Your Data Isn't Ready. Neither Is Anyone Else's.

AI Strategy & Insight | Brooklyn Solutions | Part 3 of 5

The AI data readiness myth that is stopping procurement teams from starting, and the minimum viable standard that lets you begin anyway.

Nick Francis · Co-Founder & CTO, Brooklyn Solutions · 2025/26

Part 3 of 5. Previous: Why Procurement Transformations Keep Failing →

74% of procurement leaders say their data isn’t AI-ready. The instinct is to treat that as a reason to wait. It isn’t. It’s a reason to understand what ‘ready’ actually means, and why the platform you’re about to buy is the most effective tool for getting there.

The Statement That Stops Programmes Before They Start

There’s a conversation that happens, with remarkable consistency, early in almost every procurement transformation discussion. It goes something like this: “We’d love to adopt AI-powered supplier management, but our data is such a mess that we wouldn’t get the benefit. We’d need to clean it up first.”

It’s understandable. It’s also, in most cases, the wrong conclusion drawn from the right observation.

Yes, your data is probably in a poor state. According to Deloitte’s research, 74% of procurement leaders say the same thing [1]. MIT’s 2025 Project NANDA study found that 95% of organisations deploying generative AI saw zero measurable return. In the vast majority of cases, the failure was not the AI model. It was data readiness, workflow integration, and the absence of a defined outcome [2]. Gartner predicts that 60% of AI projects lacking AI-ready data will be abandoned before they deliver value [3].

So the concern is legitimate. But “my data is a mess” has become, for many organisations, a reason to not start. And that is a mistake, because the platform you are about to implement is almost certainly the most effective tool available for cleaning it.

The Chicken and the Egg: Reframed

Here’s the trap: if you try to clean your data before moving to a platform, you will end up building significant parts of that platform yourself. The structured database, the data validation rules, the deduplication logic, the taxonomy standards: these are exactly what a well-designed supplier management or procurement platform provides as part of its architecture. Attempting to replicate them in spreadsheets or bespoke scripts before onboarding is expensive, time-consuming, and largely redundant.
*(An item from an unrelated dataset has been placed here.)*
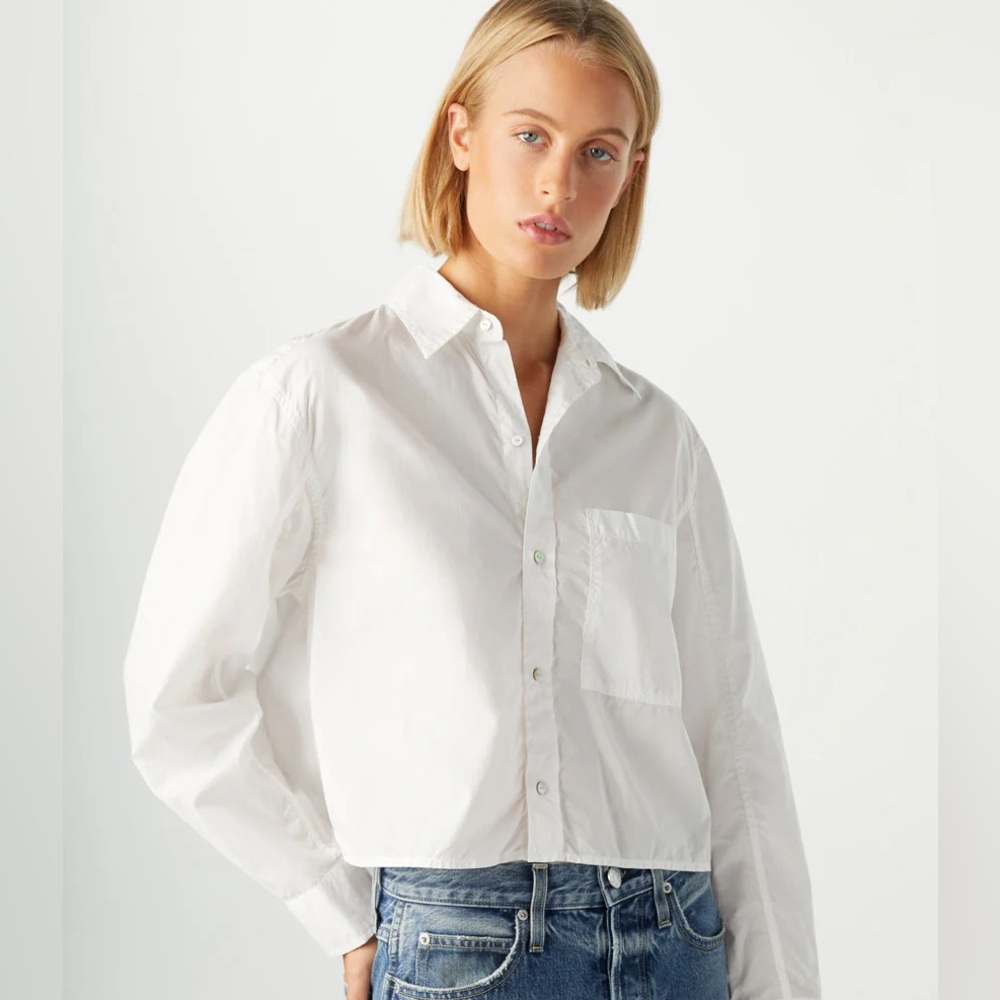 AMO - Ruth Crop Shirt; White, Size L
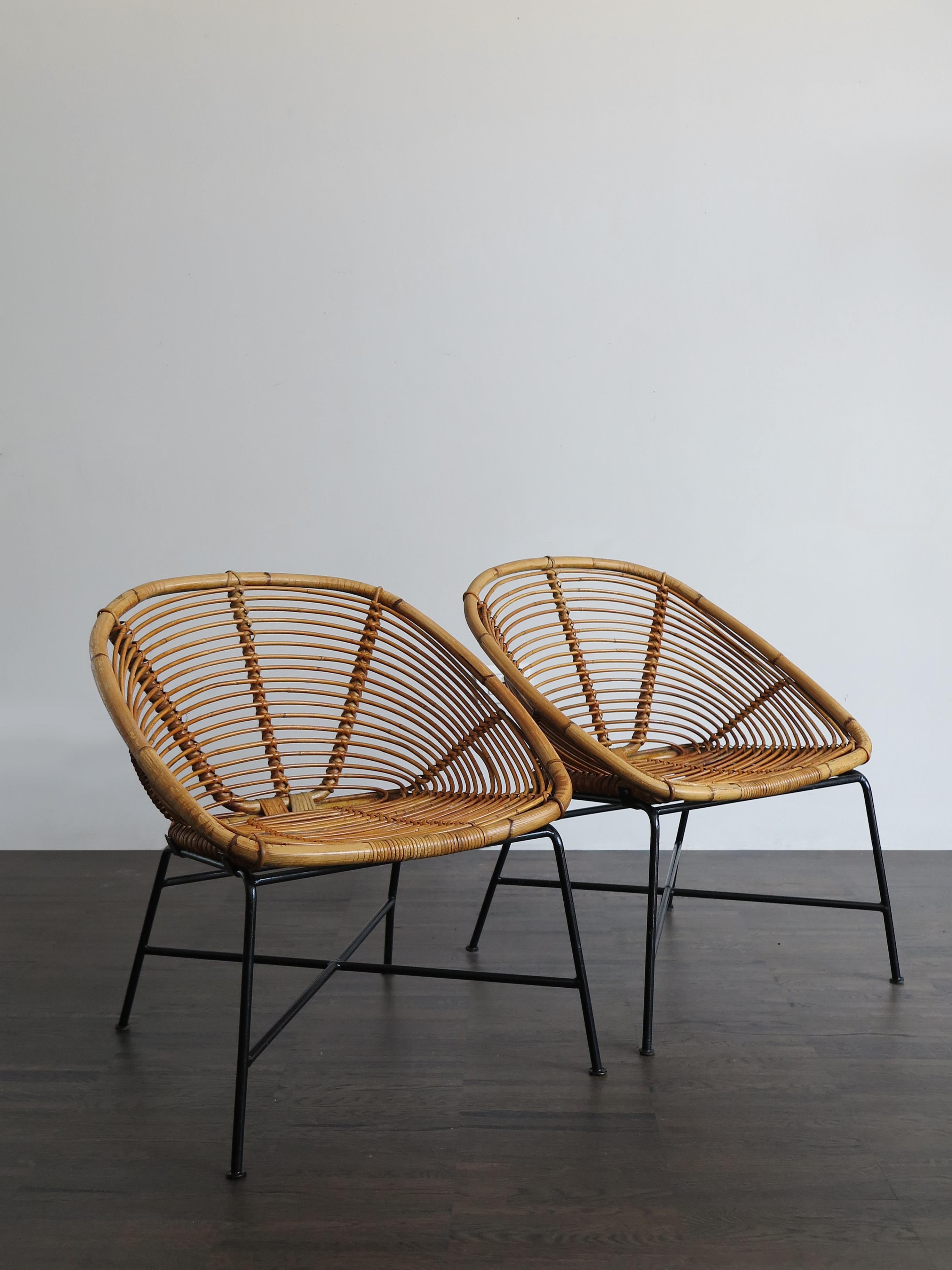 European Italian Bamboo and Bllack Metal Chairs Armchairs, 1960s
Any good platform, designed properly, should accommodate any starting level of data maturity and begin improving it from day one. The structured onboarding process, the data model, the validation logic at point of entry: these are the mechanisms that progressively clean your data as you use the system, apply your policies, and embed your governance. The system does not just store your data. It disciplines it.
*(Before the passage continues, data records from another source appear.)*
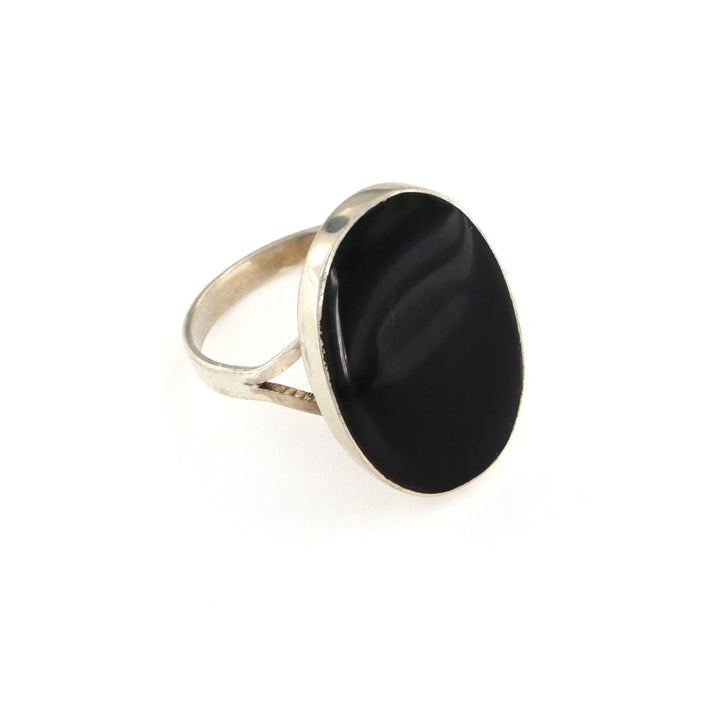 Fingerring, stor oval i ben, onyx eller turkis, sterlingsølv unisex 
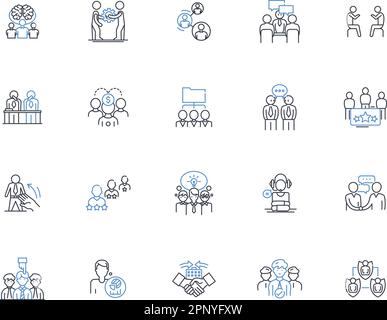 IT department line icons collection. Technology, Infrastructure, Support, Nerking, Security, Software, Hardware vector and linear illustration Stock Vector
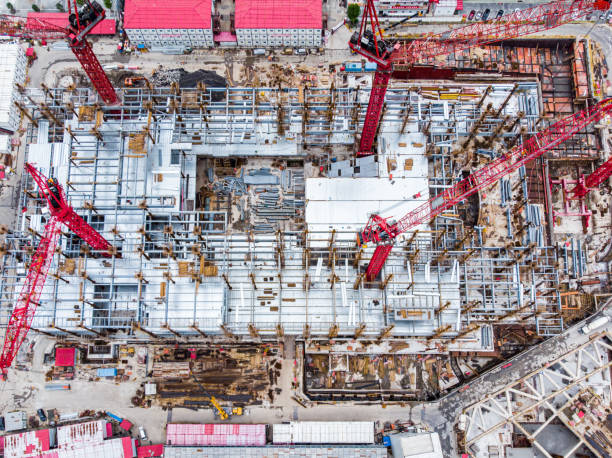 istock Aerial View of Working Construction Site 1287230916
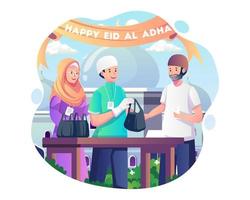 människor delar ut offerkött för att fira eid al adha. muslimska människor ger qurban-kött i plastpåsar till andra. vektor illustration i platt stil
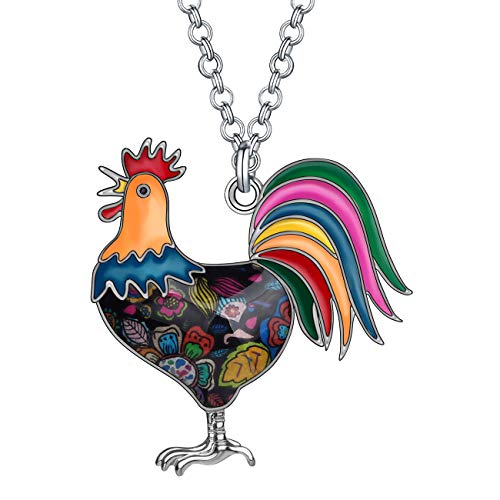 WEVENI Emaille Huhn Halskette Hahn Anhänger Kette Bauernhoftiere Schmuck Huhn Geschenke für Frauen Mädchen (Mehrfarbig) von WEVENI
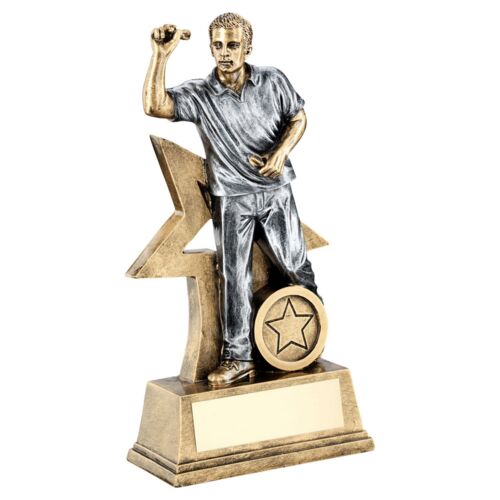 Bronze/Gold/Pew Male Darts Figure With Star Backing With Plate  - 9" Thumbnail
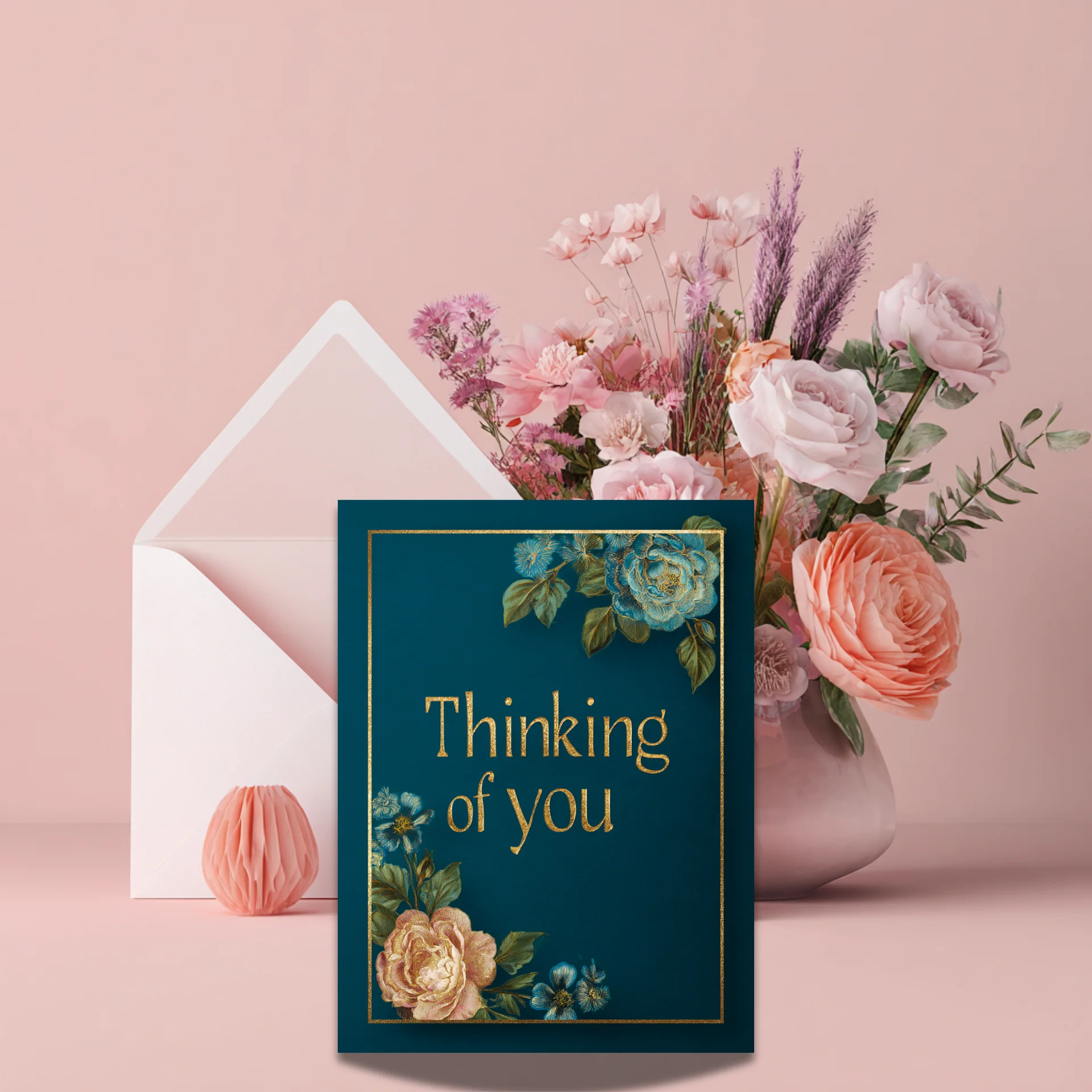 Thinking of You Card Printable 5x7 | Elegant Floral Sympathy Instant Download product image (1)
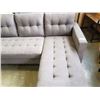 Image 2 : BRAND NEW CHARCOAL TUFTED REVERSIBLE SECTIONAL SOFA - RETAIL $899, NEW IN BOX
This is a fundamentally different framing from “clean before you start.” It’s “start, and let the system help you clean.” The condition is not perfect data. It’s the right policies, the right process design, and the right governance framework, applied consistently from the point of onboarding.

Start With Your Cleanest Data, Not Your Most Complete

“The question is not ‘is my data good enough to start?’ It’s ‘where is my data good enough to start first?’ Those are very different questions — and they lead to very different outcomes.”
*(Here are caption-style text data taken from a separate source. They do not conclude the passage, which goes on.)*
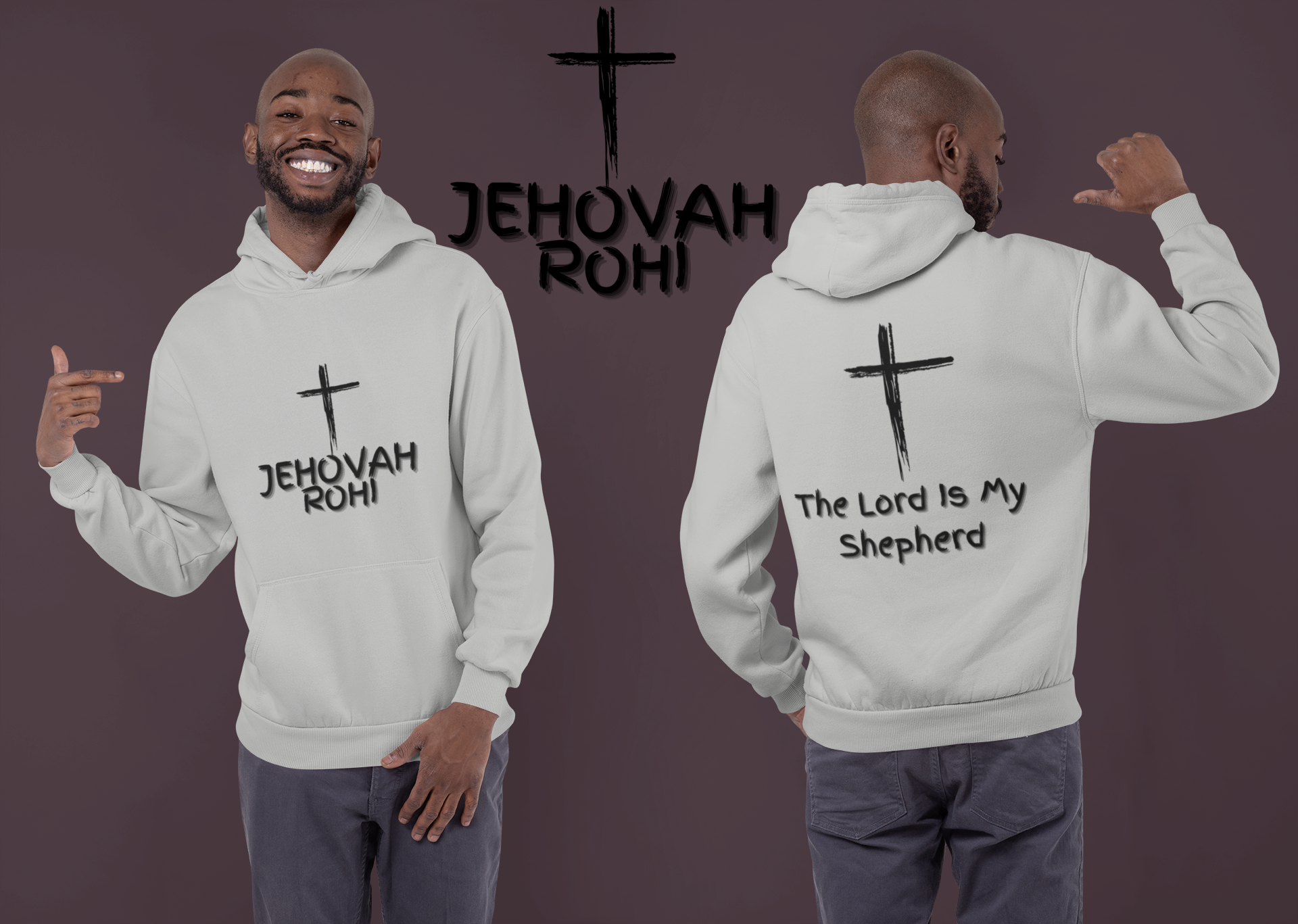 Jehovah Rohi Pullover Hoodie Front & Back - Black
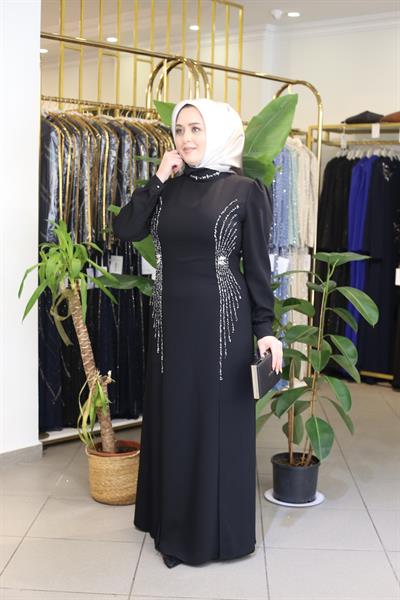 0087 CODE COLLAR STONE DETAILED DRESS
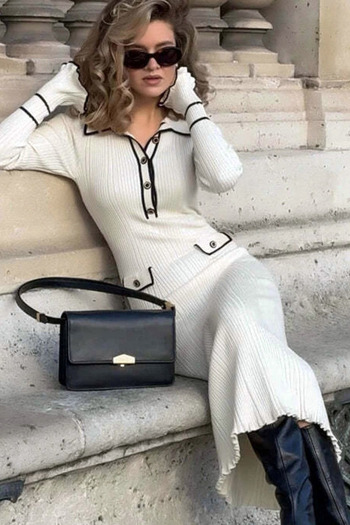 Yeslena Göğüs Düğmeli Polo Yakalı Cep Detay Uzun Volanlı Kollu Fitilli Dokuma Casual Bilek Boy Esnek Elbise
The practical starting point is not to attempt a wholesale data remediation programme. It’s to identify where your cleanest, most reliable data already exists, and begin there.

In supplier management, this almost always means your most critical and strategically important suppliers. These are the vendors your team manages actively, the ones you have contracts with, the ones you have onboarded through proper due diligence. Your data on these suppliers is already more structured, more complete, and more trustworthy than your data on the long tail.

This is where you wrap your governance standards first. This is where you run your first AI-assisted processes. This is where you prove the value. And then, using supplier segmentation as a framework, you progressively extend that standard to the next tier of suppliers, based on their criticality to your operation.

The same MVP principle applies here at a data level. Brooklyn VMS supports an unlimited number of custom fields, and we have seen customers configure hundreds, even thousands, of data points per supplier. But that level of completeness is not a precondition for starting. The practical approach is to work out, at a minimum, what you need to capture per supplier and what you need to capture per contract, and configure the platform accordingly. Brooklyn’s compliance rules allow you to enforce those minimum field requirements at the point of data entry, flagging missing or incomplete data before it embeds itself in your records, so that the standard you set is the standard the system maintains.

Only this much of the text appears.